Salah satu perilaku yang seringkali muncul di permukaan masyarakat, bangsa dan negara Indonesia, yaitu masih adanya tindak pidana korupsi.
Perilaku korupsi seolah menjadi budaya yang terus berlanjut baik pada ranah pemerintahan desa maupun yang lebih luas lagi pada lingkup institusi pemerintahan dan kenegaraan.
Fenomena ini, sepertinya sulit untuk disangkal keberadaannya. Karena hampir di setiap ranah pemerintahan desa dan birokrasi kenegaraan seringkali terjadi tindak pidana korupsi.
Dari mulai korupsi kecil-kecilan sampai pada korupsi yang nilainya besar sekali, banyak terjadi dan menjadi pemberitaan media masa yang tak henti-hentinya terus memenuhi wacana pemberitaan.
Ungkapan Alexander Marwata (Wakil Ketua KPK) yang mengatakan "jika korupsi kecil tidak perlu dipenjara", menurut hemat kami bukanlah pernyataan yang bersifat mendidik dan membuat jera pelaku tindak pidana korupsi.
Justru ungkapan seperti itu, seolah membolehkan seseorang untuk melakukan tindakan korupsi asal nominalnya tidak besar. Hal ini menunjukan bahwa korupsi yang besarlah yang akan diusut secara hukum sampai tuntas.
Sedangkan korupsi kecil-kecilan seolah dianggap biasa dan akan dibiarkan meskipun tindakan tersebut marak terjadi di masyarakat.
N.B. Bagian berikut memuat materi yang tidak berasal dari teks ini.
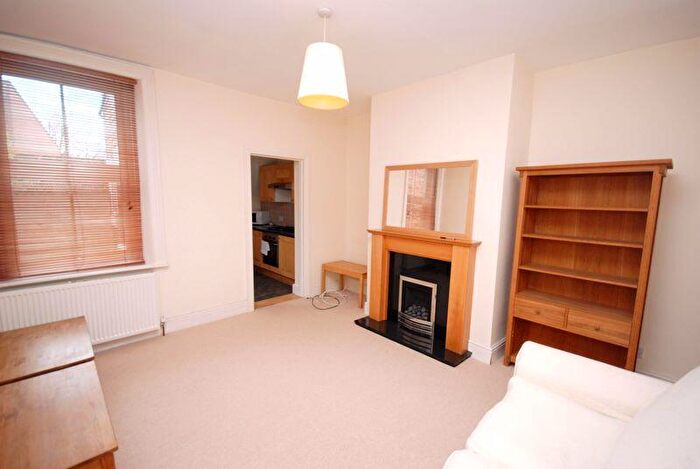 1 Bedroom Flat To Rent In Field Street, South Gosforth, NE3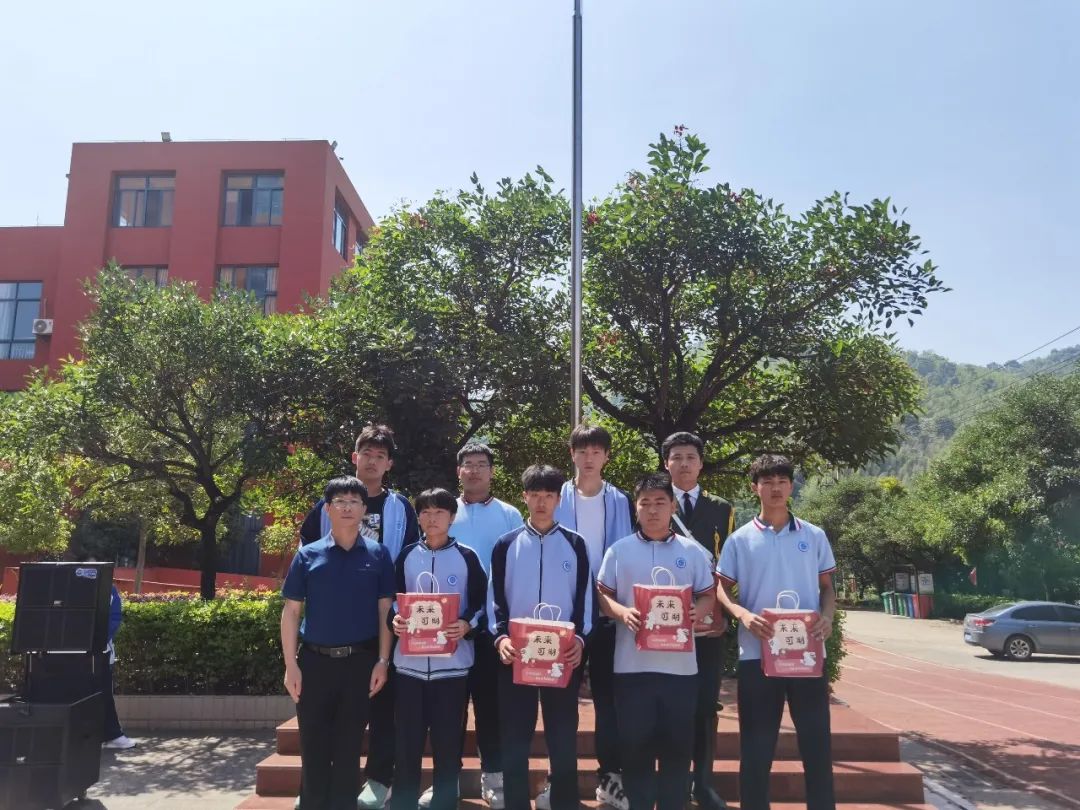 ���r�������I(y��)���g(sh��)�W(xu��)У��׷���㡱�옷��չ�����L(f��ng)�ɡ�������W(xu��)У������F(tu��n)�����ِ�@���W(xu��)��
Padahal proses dari tindakan korupsi yang besar-besaran terjadi diawali melalui korupsi yang nominalnya kecil yang pada akhirnya karena merasa aman, berlanjut melakukan tindakan korupsi yang lebih besar lagi.
Pelaku tindak pidana korupsi besar maupun kecil, seharusnya mendapat perhatian pemerintah dalam melakukan antisipasi agar tidak berkembang pesat dan tidak menjadi budaya yang terus berkelanjutan.
Pemerintah bersama-sama DPR, seharusnya memberikan pernyataan politik dan ketentuan hukum yang jelas terkait tindak pidana korupsi supaya tidak membudaya baik di kalangan elit politik maupun pemerintahan desa.
Keseriusan dalam menangani tindakan korupsi sepantasnya diperlihatkan oleh seluruh unsur terkait dari mulai elit pemerintahan pusat sampai ke pemerintahan desa.
Kepemimpinan mereka seharusnya menjadi teladan bagi masyarakat, memberikan contoh yang baik terhadap masyarakat dan tidak membiarkan tindakan korupsi dan sejenisnya dalam kehidupan berbangsa dan bernegara.
Sekecil apa pun tindakan korupsi harus pula disikapi dengan serius, sistematis dan terstruktur. Sehingga perilaku korupsi tidak menjadi budaya yang sulit dihapus dari bangsa ini.
Bayangkan saja, jika setiap desa aparatur dan pelaksananya melakukan korupsi secara bersama-sama dan tidak terkena sanksi hukum oleh karena nominalnya yang kecil.
Nominal kecil tersebut, jika pelakunya banyak dan ada pada setiap desa di seluruh Indonesia. Tentunya jika di kalkulasikan, terhitung sangat besar dan menghabiskan uang negara yang sangat besar.
Tentunya dengan nominal uang negara yang hilang dalam kalkulasi yang besar ditelan koruptor yang jumlah pelakunya banyak, sudah pasti menghambat target pembangunan yang semestinya.
Hari antikorupsi 2021, menjadi momen penting untuk membangun kesadaran terhadap adanya perilaku korupsi yang masih berkembang di negara kita.
Memberikan kesadaran sepenuhnya kepada seluruh elemen bangsa untuk bersama-sama memberantas korupsi agar tidak berkembang pesat apalagi menjadi budaya yang sulit dihilangkan dibumi Indonesia.Â
Sekecil apapun perilaku tindakan korupsi, seharusnya tidak dibiarkan, sepantasnya pula agar di proses secara hukum dan diberikan hukuman setimpal dengan perbuatannya terhadap kerugian negara yang telah ditimbulkannya.